"He will like me in this," she thought; and then remembering the ermine wrap, which was becoming also, she wondered if another woman would buy it, if Kemper would see it at the opera, and if he would, perhaps, admire it again as he had done that day.

"If he does I shall regret these though they were so much more costly," she concluded, "and my whole pleasure in them may be destroyed by a chance remark which he will let fall." She understood, all at once, the relentless tyranny which clothes might acquire—the jealousy, the extravagance, the feverish emulation, and the dislike which one woman might feel for another who wore a better gown. "Yet if I give my whole life to it there will always be someone who is richer, who is better dressed and more beautiful than I," she thought. "Though my individuality wins to-day, to-morrow I shall meet a woman beside whom I shall be utterly extinguished. And there is no escape from this; it is inevitable and must happen." A shiver of disgust went through her, and it seemed to her that she saw her life as plainly as if the glass before her revealed her whole future and not merely her figure in the sable coat. She shrank from her destiny, and yet she knew that in spite of herself, she must still follow it; she longed for her old freedom of spirit, and instead she struggled helplessly in the net which her own temperament cast about her. "Is it possible that I can ever enter into this warfare which I have always despised?" she asked, "into this conflict of self against self, of vanity against vanity? Shall I, like Gerty, grow to fear and to hate other women in my foolish effort to keep alive a passion which I know to be worthless? Shall I even come in the end to feel terror and suspicion in my love for Gerty?" But this last thought was so terrible to her that she lacked the courage with which to face it, and so she put it now resolutely aside as she had learned to put aside at will all the disturbing questions which her conscience asked.

"I know that you are over head and ears in it all," Gerty was saying, "and I shouldn't have dropped in if I hadn't just been called to the telephone by Arnold. He was, of course, rushing off to a meeting about those everlasting mines—Perry's in it, too, and it's really helped his mind to get the better of his lungs at last."

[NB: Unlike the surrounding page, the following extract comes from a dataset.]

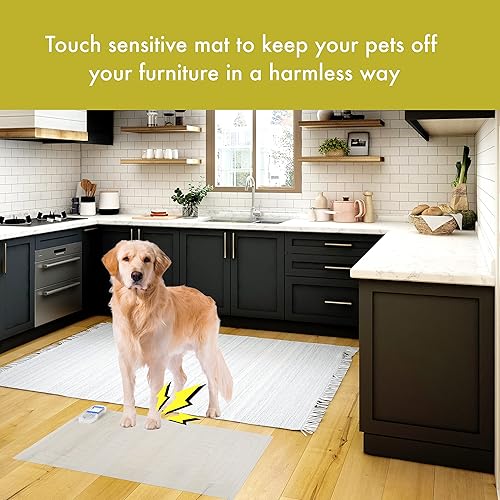 Miniatura 3 de Homarden Alfombrillas de entrenamiento de mascotas para perros (30 x 16 pulgadas)  Mantén a los gatos fuera del mostrador y mantén a los perros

"But I thought Arnold was coming this afternoon," returned Laura, a little hurt.

With a laughing glance at Mrs. Payne, who sat counting silk stockings by the window, Gerty buried her face in her muff while she shook with unaffected merriment.

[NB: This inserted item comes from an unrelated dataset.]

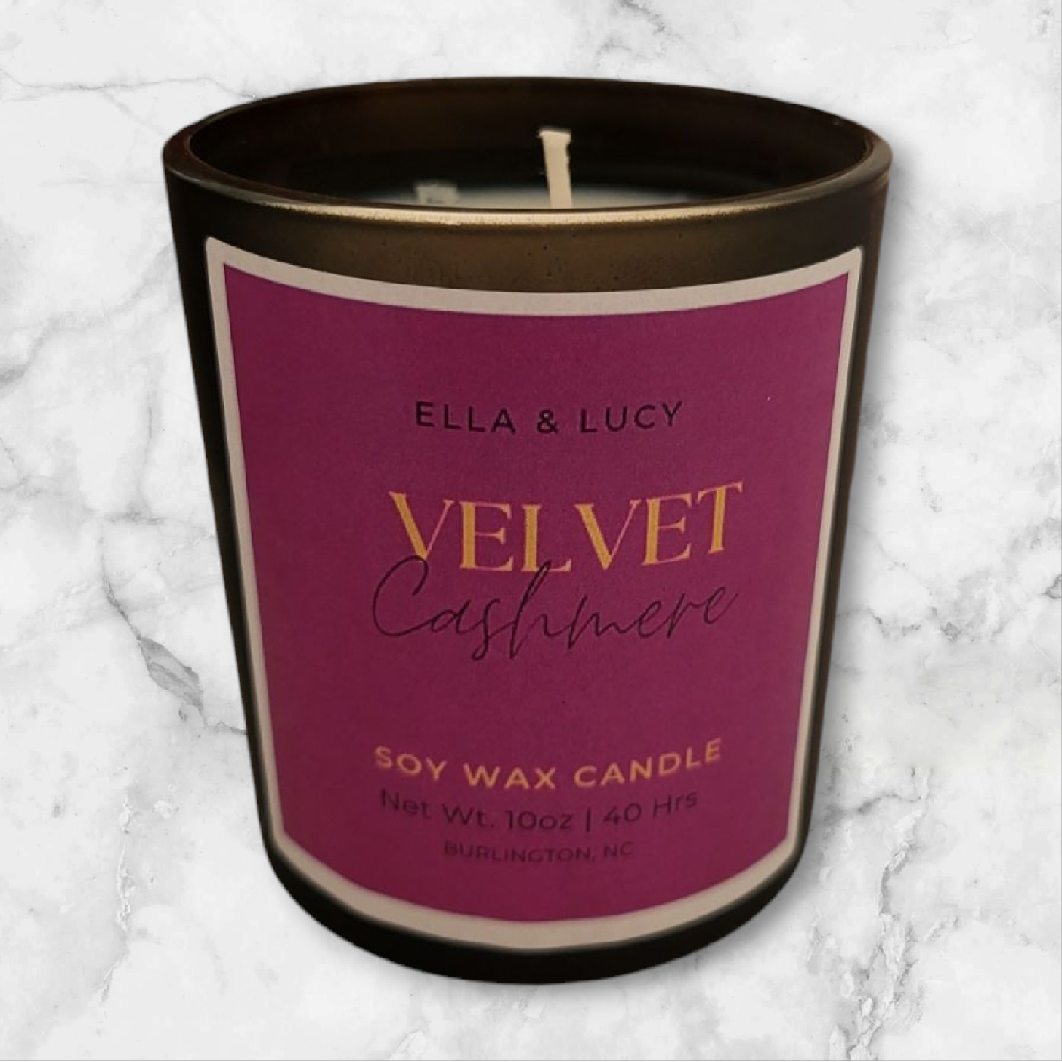 Velvet Cashmere Candle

"Oh, my dear, what a wife you'll make if you haven't learned to mask your feelings!" she exclaimed, "but as for Arnold, he wants me to bring you to his rooms for tea. The Symonds portrait has come and he'd like us to see it before it's hung. He'll hurry back, he says, the minute that abominable meeting is over-though between you and me he is almost as much interested in those mines as he is in his marriage."

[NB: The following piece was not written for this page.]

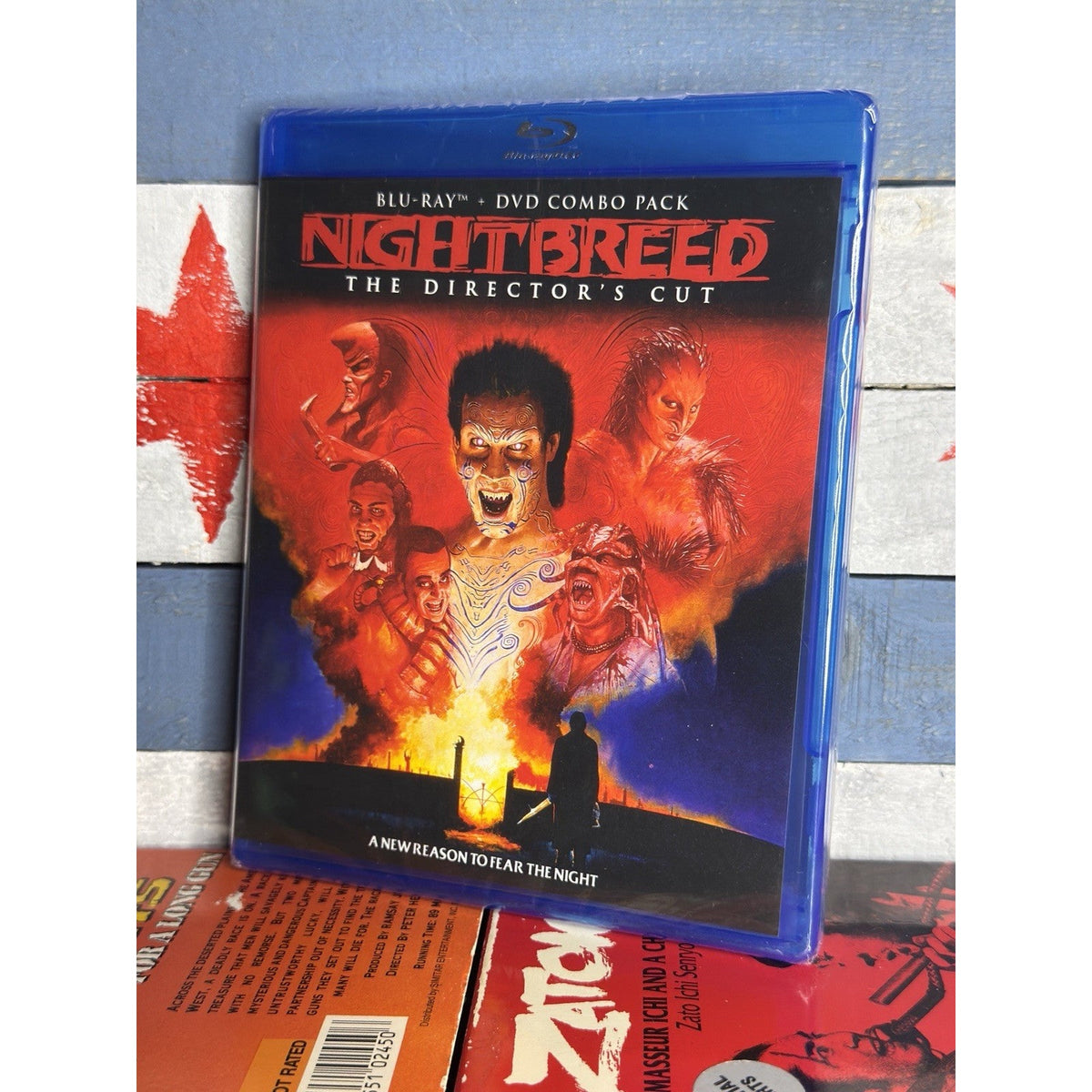 Nightbreed (Director's Cut) - Blu-ray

The disappointment in Laura's face was succeeded by an expression of impatient eagerness, and a little later as she drove with Gerty through the streets she was able to convince herself that the uncertainty of the last fortnight had yielded finally to the perfect security for which she longed Sitting there in Gerty's carriage, she felt with a compassionate heart-throb, that out of her own fulness she could look down and pity the emptiness of her friend's life; and this thought filled her bosom with a sympathy which overflowed in the smile she turned upon the brilliant woman at her side.

"I find myself continually rejoicing because you are to take a house up town," remarked Gerty, as she pressed Laura's hand under the fur robe. "When you come back we'll see each other every day, and when you land, I'll be there to welcome you with the house full of flowers and the dinner ordered."

"There's no use trying to realise it all, I can't," responded Laura; and the interest with which she entered immediately into a discussion of furnishing and housekeeping banished from her mind all recollection of the despondency, the tormenting doubts, of the last few weeks. Yes, all would go well—all must go well in spite of everything she had imagined. Once married she would see this foolish foreboding dissolve in air, and with the wedding ceremony she would enter into that cloudless happiness which she had expected so confidently to find in the Adirondacks. This new hope possessed her instantly to the exclusion of all other ideas, and she clung to it as passionately as she had clung to every illusion of the kind which had presented itself to her imagination.

When they reached his rooms, Kemper had not returned, and while Gerty amused herself by examining every photograph upon his desk and mantel, Laura drew a chair before the portrait, which was a bold, half-length study painted with a daring breadth of handling. The artist was a new French painter, who had leaped into prominence because of a certain extravagance of style which he affected; and his work had taken Kemper's fancy as everything took it either in art or in life which deviated in any marked eccentricity from the ordinary level of culture or of experience.